Wat trekt mensen aan in een horloge met maar 1 wijzer waar je de tijd amper op kunt lezen?

Antwoord: persoonlijke smaak ;-) Ik heb duikermodellen en een Luch 1 hands horloge en heb ze net als al mijn horloges gekocht omdat ik ze mooi vond. Voor de duikers vind ik vooral de stoerdere designs leuk en de bezel om dingen te timen is ook handig. Andere dagen draag ik een elegante dresswatch.


----------



## T_I

Oldheritage said:


> Wat trekt mensen aan in een horloge met maar 1 wijzer waar je de tijd amper op kunt lezen?


Is anders dan anders, lekker apart. (en heb jij haast? ;-) )



Oldheritage said:


> Antwoord: persoonlijke smaak ;-) Ik heb duikermodellen en een Luch 1 hands horloge en heb ze net als al mijn horloges gekocht omdat ik ze mooi vond. Voor de duikers vind ik vooral de stoerdere designs leuk en de bezel om dingen te timen is ook handig. Andere dagen draag ik een elegante dresswatch.


 Ik vind de dikke rand van een duiker de wijzerplaat zo klein maken. (maar dat is persoonlijk) Het viel me alleen op dat de duikers wel erg favoriet zijn onder horloge verslaafden.


----------



## Oldheritage

Klopt wel hoor, door de bezel zien ze er vaak wat kleiner en "dikker" uit. Ik persoonlijk heb geen thema en mijn collectie gaat dan ook alle kanten op. Ik merk wel dat ik redelijk wat duikers bezit omdat ik een fan ben van Vostok, die dan weer een erg dunne bezel gebruiken. 

Ik heb net een fluorecerend oranje Vostok duiker gekocht (die helaas een service nodig heeft, gebouwd in 2006 en nooit gebruikt...) die ook best appart is ;-)


----------



## U R a Bus

Nog wat foto's?


----------



## Bidle

Erg gaaf!! Vind die Sinn rechtsboven erg mooi, zou ik weleens in het echt willen zien. 

enne bedankt voor de mooie foto's!|>


----------



## 104RS

T_I said:


> Leuke foto's, de horloges links onder, rechts boven vind ik wel geinig.
> 
> Ik vraag me steeds meer en meer af wat mensen nou aantrekt in de diver (achtige) horloges. (met zo'n dikke rand om de wijzerplaat)


Duikers zijn gewoon gaaf, niet alles is logisch te verklaren.

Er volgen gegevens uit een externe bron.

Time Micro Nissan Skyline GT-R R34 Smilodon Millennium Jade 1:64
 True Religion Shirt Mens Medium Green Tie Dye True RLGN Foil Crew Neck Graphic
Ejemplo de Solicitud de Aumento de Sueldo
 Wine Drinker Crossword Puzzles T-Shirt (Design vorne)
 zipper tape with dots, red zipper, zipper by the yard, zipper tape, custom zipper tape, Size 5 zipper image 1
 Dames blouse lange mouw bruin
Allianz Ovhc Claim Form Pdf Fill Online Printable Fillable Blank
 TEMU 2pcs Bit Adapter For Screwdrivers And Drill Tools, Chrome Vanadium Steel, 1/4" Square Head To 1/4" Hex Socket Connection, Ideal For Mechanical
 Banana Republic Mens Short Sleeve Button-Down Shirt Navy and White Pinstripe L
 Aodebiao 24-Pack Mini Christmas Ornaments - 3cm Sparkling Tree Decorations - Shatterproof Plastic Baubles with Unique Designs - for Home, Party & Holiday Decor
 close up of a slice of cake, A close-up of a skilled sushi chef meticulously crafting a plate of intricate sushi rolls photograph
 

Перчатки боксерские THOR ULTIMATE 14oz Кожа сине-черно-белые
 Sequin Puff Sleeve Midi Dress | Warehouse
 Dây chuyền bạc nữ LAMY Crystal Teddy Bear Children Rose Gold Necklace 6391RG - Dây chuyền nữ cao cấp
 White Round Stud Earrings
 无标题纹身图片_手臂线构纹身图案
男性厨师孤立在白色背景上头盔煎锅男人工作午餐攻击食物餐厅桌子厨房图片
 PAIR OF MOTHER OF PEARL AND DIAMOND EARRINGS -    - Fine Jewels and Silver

Met name vintage duikers hebben een onverklaarbare aantrekkingskracht op mij.
Een combinatie van vaak aparte designs/kleuren/robuustheid maken ze voor mij leuker dan "normale" horloges.

Mijn verzameling is dan ook niet bepaald in evenwicht, ongeveer 80% van mijn horloges zijn (vintage) duikers ;-)


----------



## T_I

104RS said:


> Duikers zijn gewoon gaaf, niet alles is logisch te verklaren. Met name vintage duikers hebben een onverklaarbare aantrekkingskracht op mij.
> Een combinatie van vaak aparte designs/kleuren/robuustheid maken ze voor mij leuker dan "normale" horloges.


 Kijk, als je het niet kan verklaren dan zit je goed. Ik vind duikers (met al het duiker geweld dat ik op de fora zie) eigenlijk al normaal en alles zonder zo'n rand apart.

Ach ja, ik heb net m';n 2e enkelaar besteld en ik kijk al uit naar een 1963 reissue (erg leuke kleurstelling met de witte wijzerplaat en de blauwe en rode wijzers) en een 24 uurs klokje. (al wordt het voor beide niet voor m'n volgende verjaardag dat er budget voor is)


----------



## Bidle

T_I said:


> (al wordt het voor beide niet voor m'n volgende verjaardag dat er budget voor is)


Ben benieuwd!! ;-)


----------



## Mimoza

Aanwezig als full time belg

half tijds horloge liefhebber, half tijds ledere banden maker.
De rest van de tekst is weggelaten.